▶ _Task goal_:
What are the lines, word for word, from the line with "Trick or Treat" up to and including the line with "Silver Shape Rough PowerPoint Template" in the records below? Omit the pictures.

▶ _Data provided_:
──────
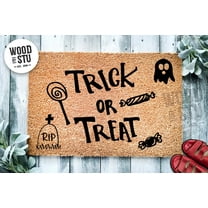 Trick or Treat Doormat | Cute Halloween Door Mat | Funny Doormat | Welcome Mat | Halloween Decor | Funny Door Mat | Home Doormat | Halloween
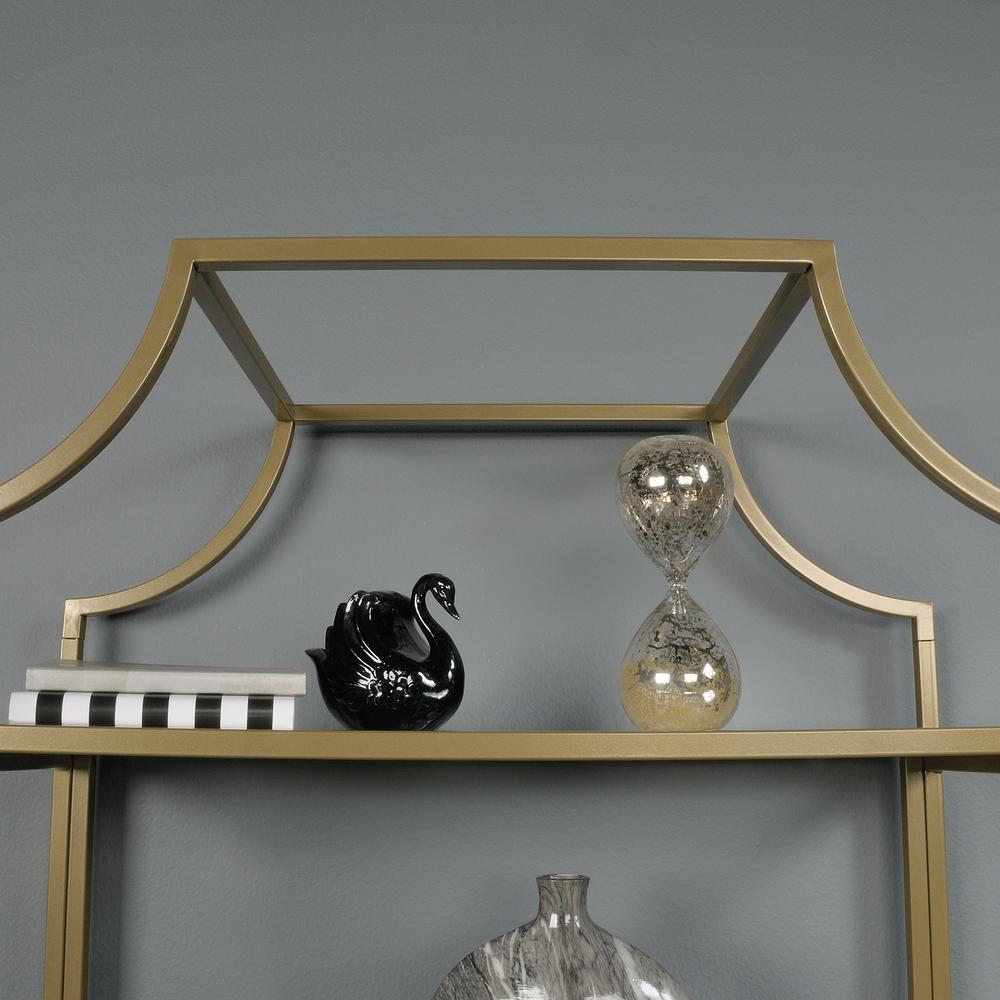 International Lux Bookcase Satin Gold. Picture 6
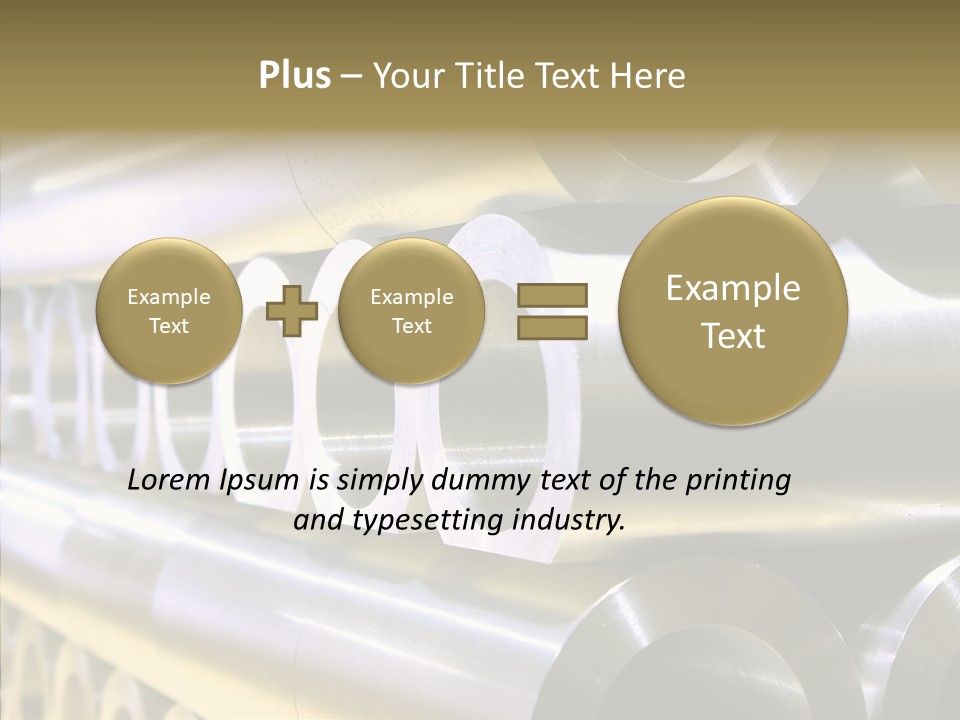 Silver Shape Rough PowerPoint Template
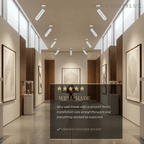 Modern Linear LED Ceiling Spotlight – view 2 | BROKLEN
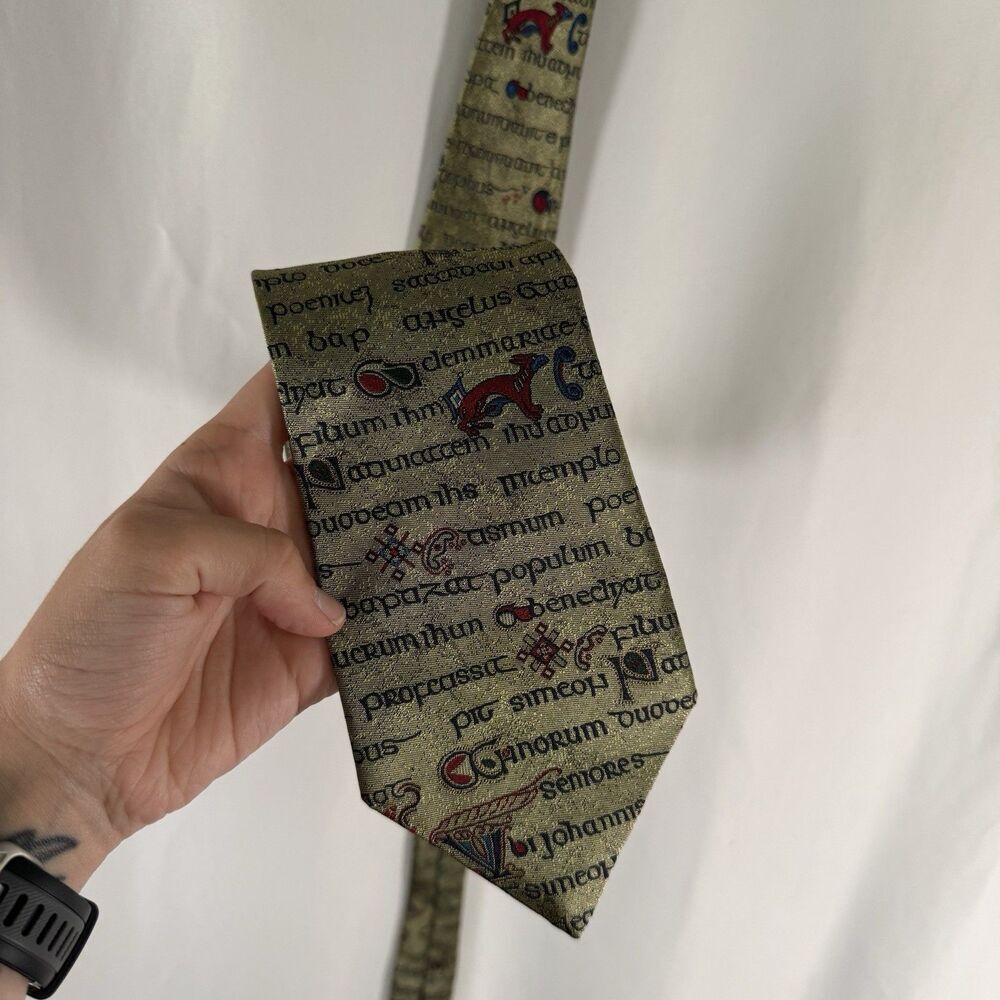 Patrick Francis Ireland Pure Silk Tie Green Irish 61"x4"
──────
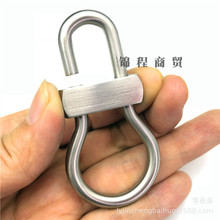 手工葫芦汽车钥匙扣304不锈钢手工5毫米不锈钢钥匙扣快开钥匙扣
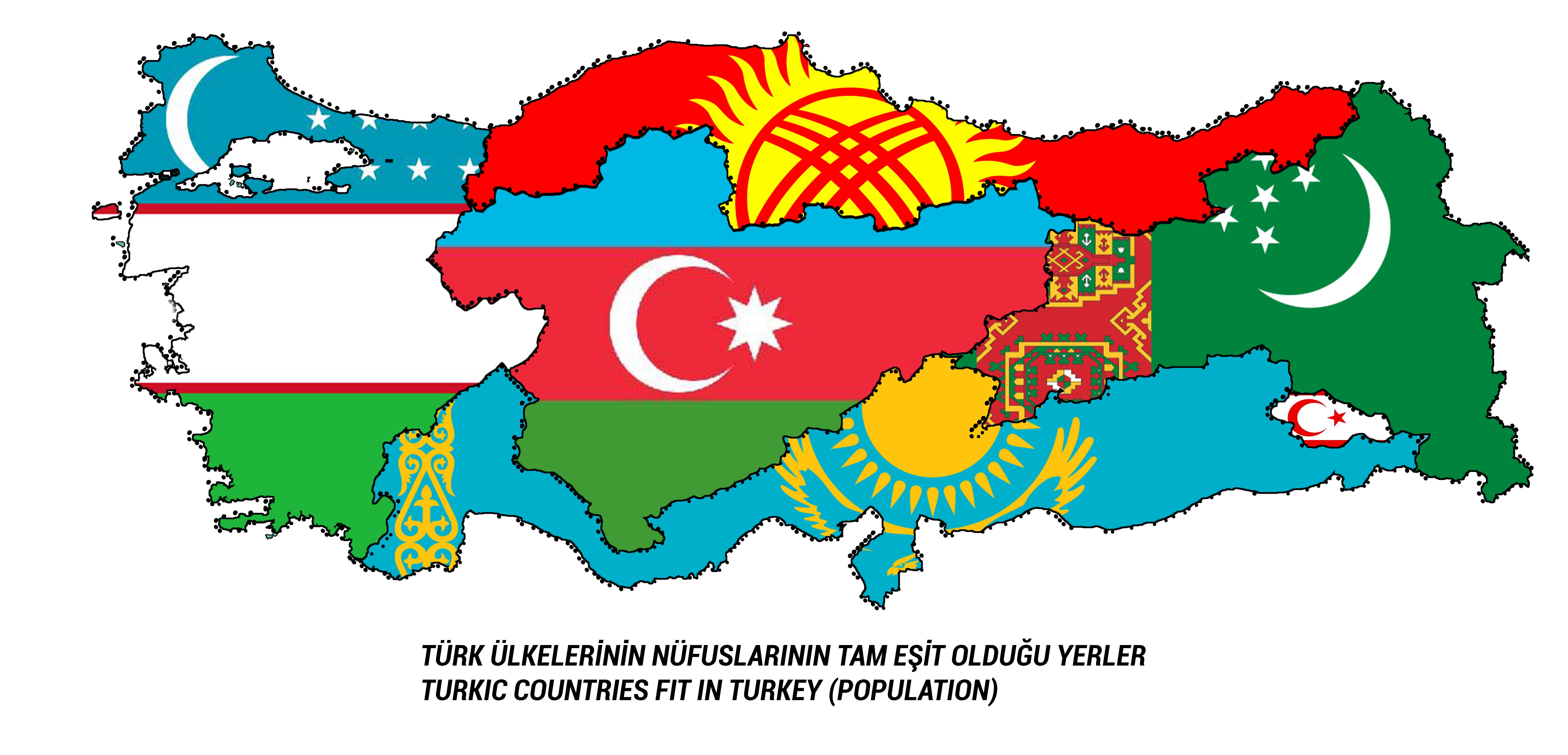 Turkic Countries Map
──────
▶ _Exercise result_:
 Trick or Treat Doormat | Cute Halloween Door Mat | Funny Doormat | Welcome Mat | Halloween Decor | Funny Door Mat | Home Doormat | Halloween
 International Lux Bookcase Satin Gold. Picture 6
 Silver Shape Rough PowerPoint Template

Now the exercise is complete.